**Dataset entries**
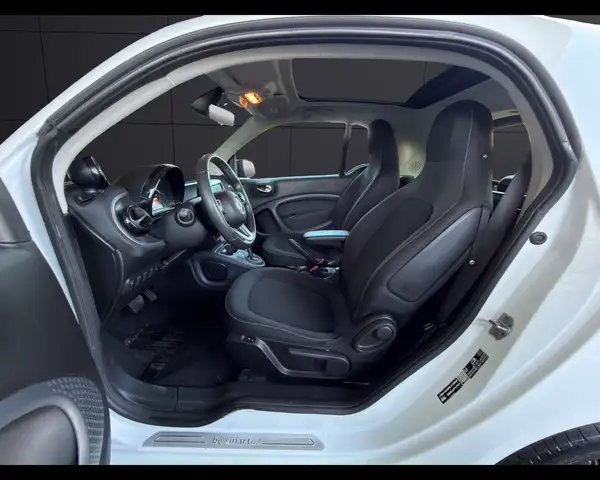 smart Fortwo view 9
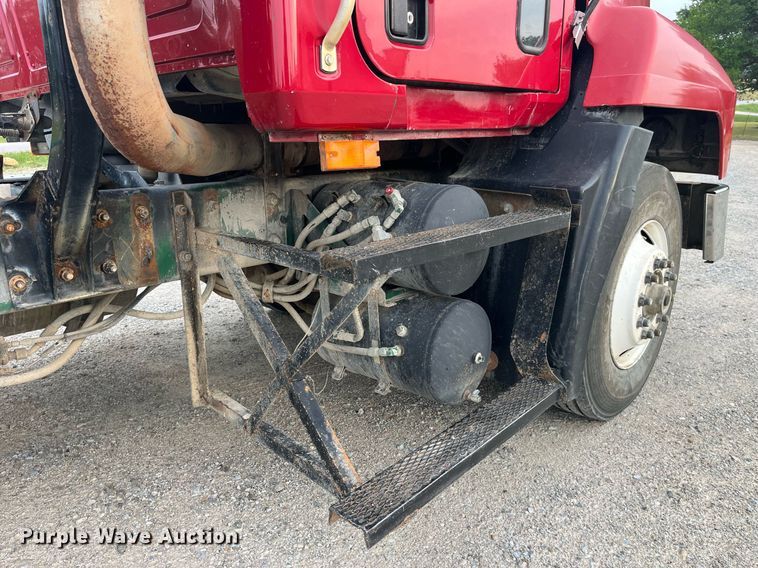 image for item DP0524 1996 Mack CH613  semi truck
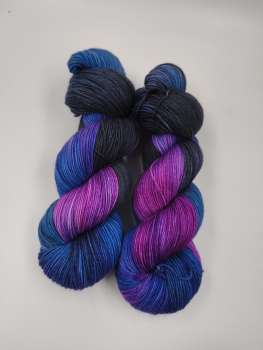 Die " Softe High Twist " Einöder Merino  Socke  *** Purple Blaues Avalon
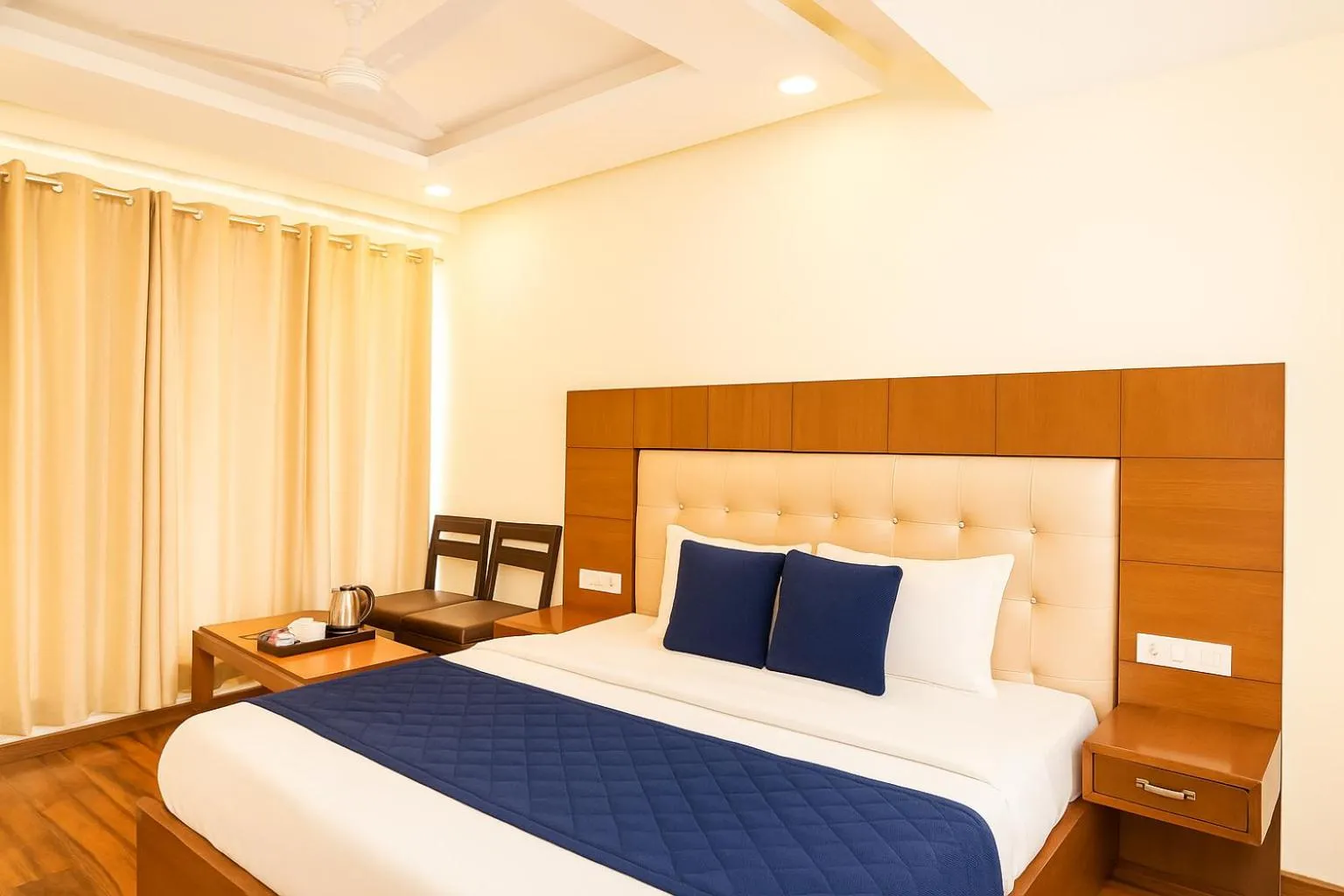 Bed in Hotel Samrat - On Mall Road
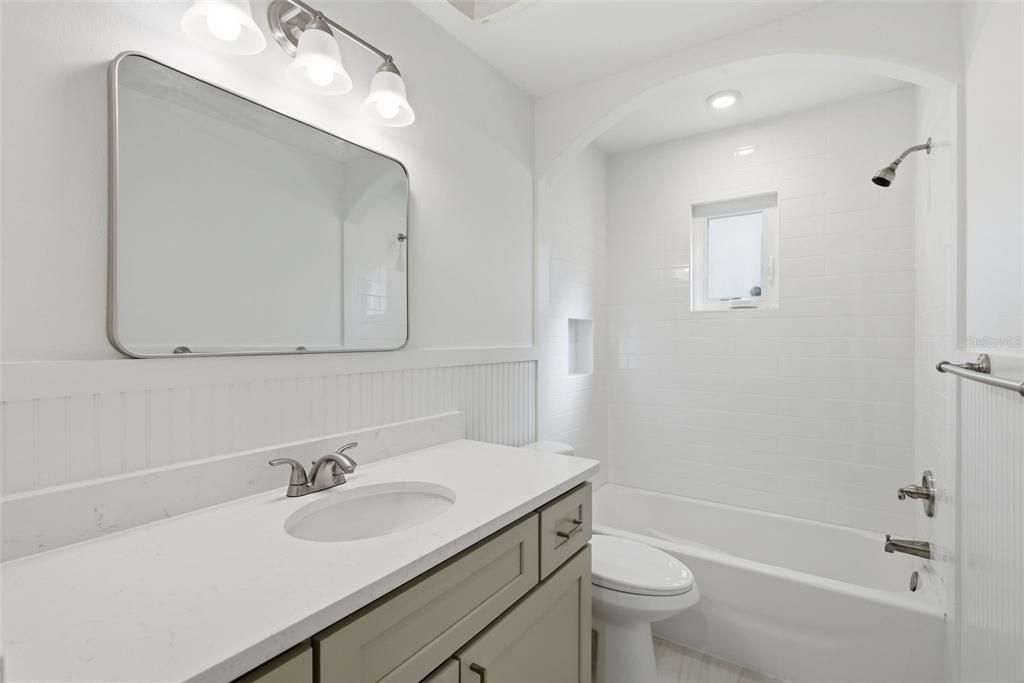 Activo con contrato: $399,000 (4 camas, 2 baños, 2082 Pies cuadrados)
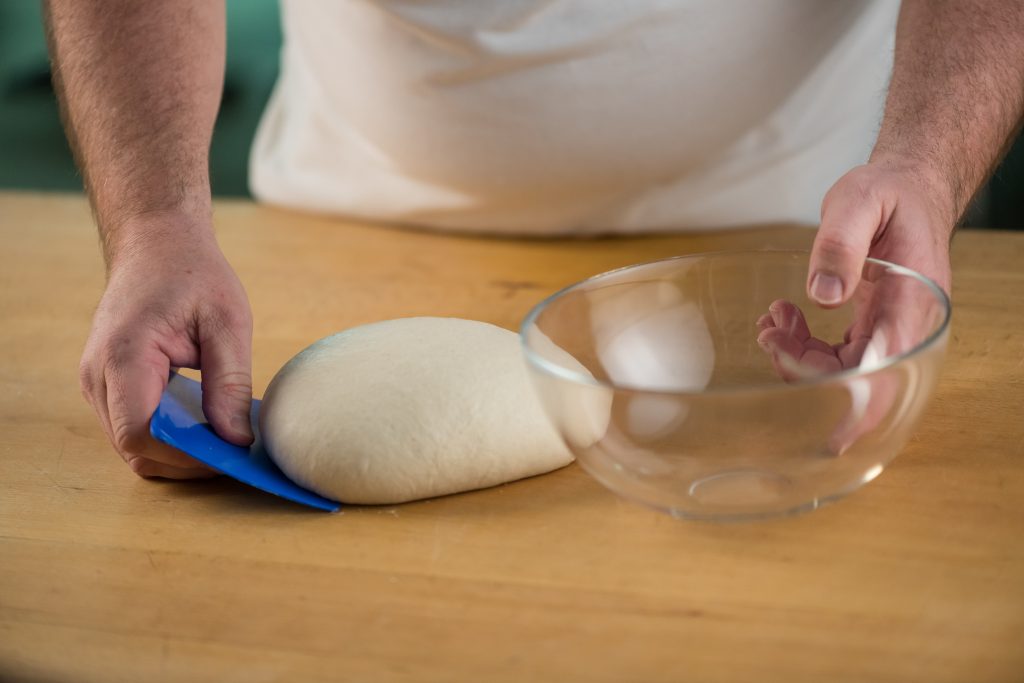 Introducimos la masa en un recipiente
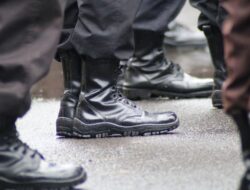 12 Polisi Muara Batang Gadis Dicopot Usai Diduga Lepas Bandar Narkoba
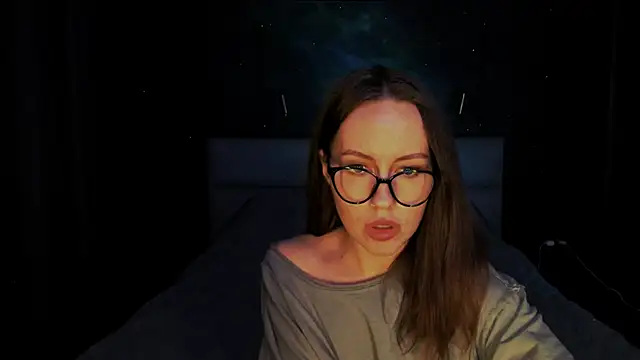 North baby online show from November 3, 2025, 9:18 pm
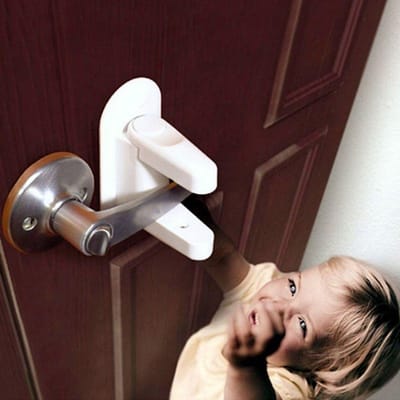 Deurklink Vergrendeling - 2 Stuks - Baby veilig - Baby proof - Deurklinken vergrendelen - Deurklink vergrendelaar - Veiligheidsslot - Deurbeveiliging - Kasten - Lades - Kinderslot - Kinderbeveiliging  - Ramen -  Deuren - - Wit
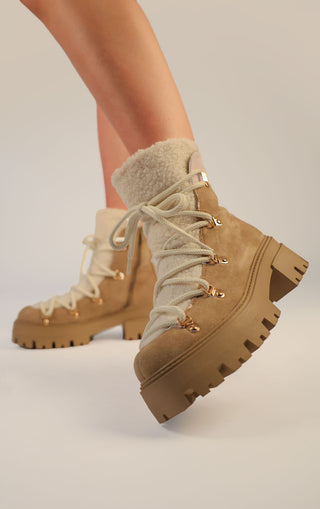 Khaki Faux Suede Lace Up Chunky Snow Style Boots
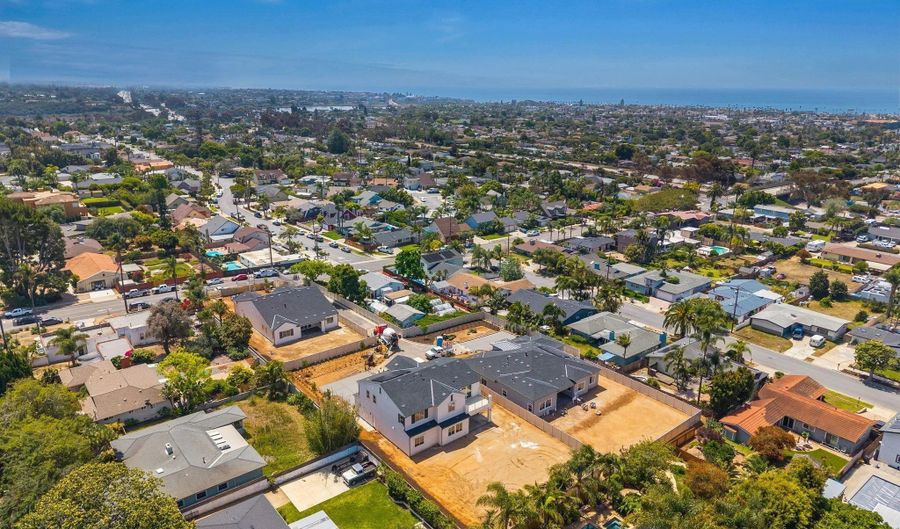 1716 California St, Oceanside, CA 92054 - 5 Beds, 5 Bath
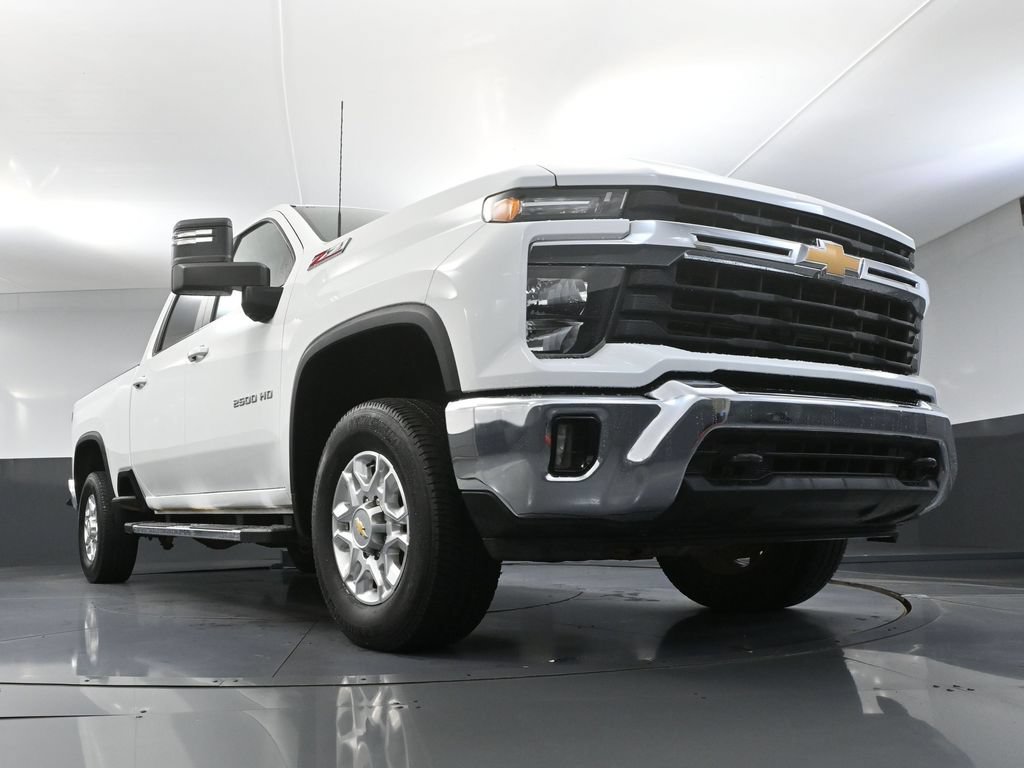Used 2025 Chevrolet Silverado 2500 LT AWD/4WD image 42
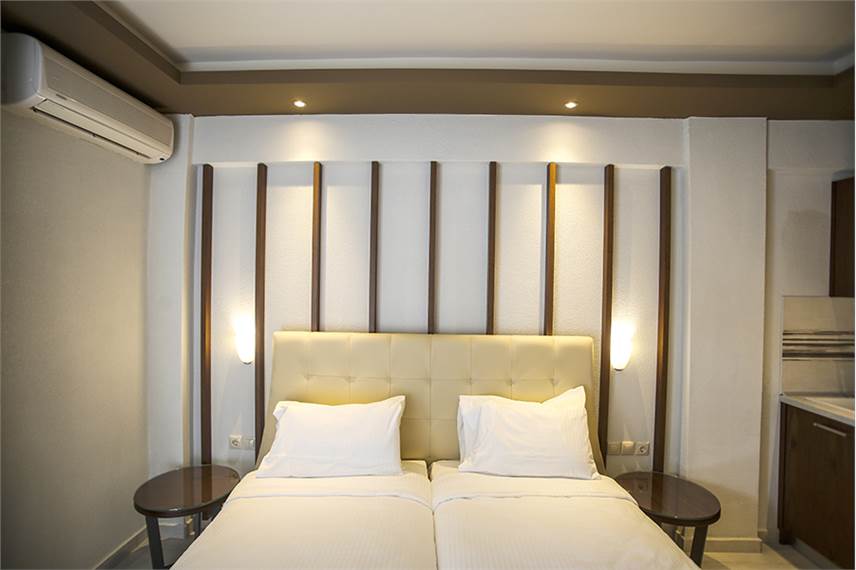  Royal Hotel and Suites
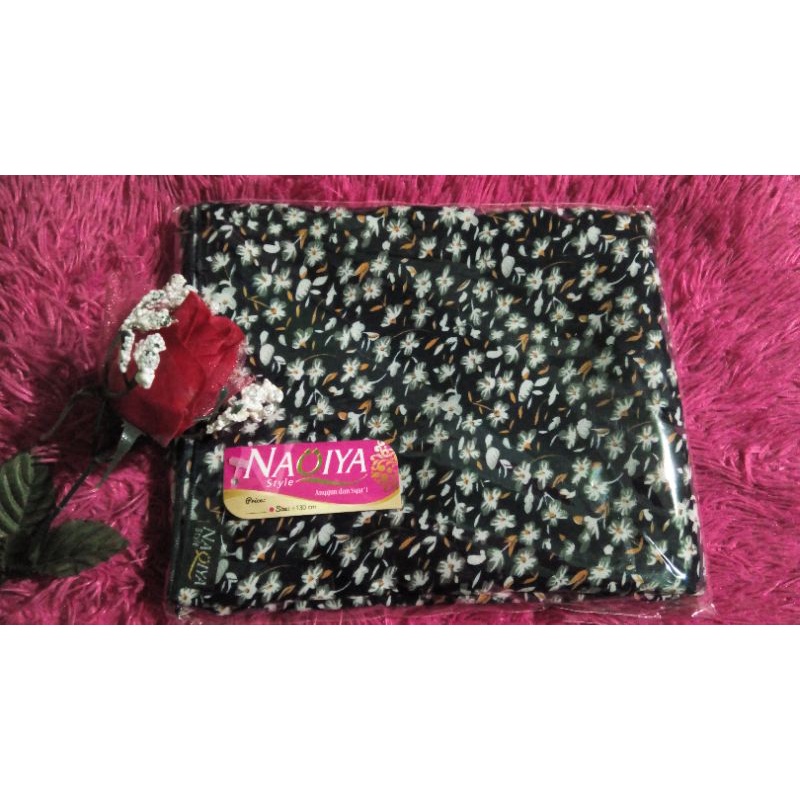 Hijab Naqiya 120x120 cm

**Task instructions**
Could you write out again, exactly, the lines from the line containing "1716 California St, Oceanside, CA" through the last line of the records above? Leave out the pictures.

**Solution to the problem**
 1716 California St, Oceanside, CA 92054 - 5 Beds, 5 Bath
Used 2025 Chevrolet Silverado 2500 LT AWD/4WD image 42
  Royal Hotel and Suites
 Hijab Naqiya 120x120 cm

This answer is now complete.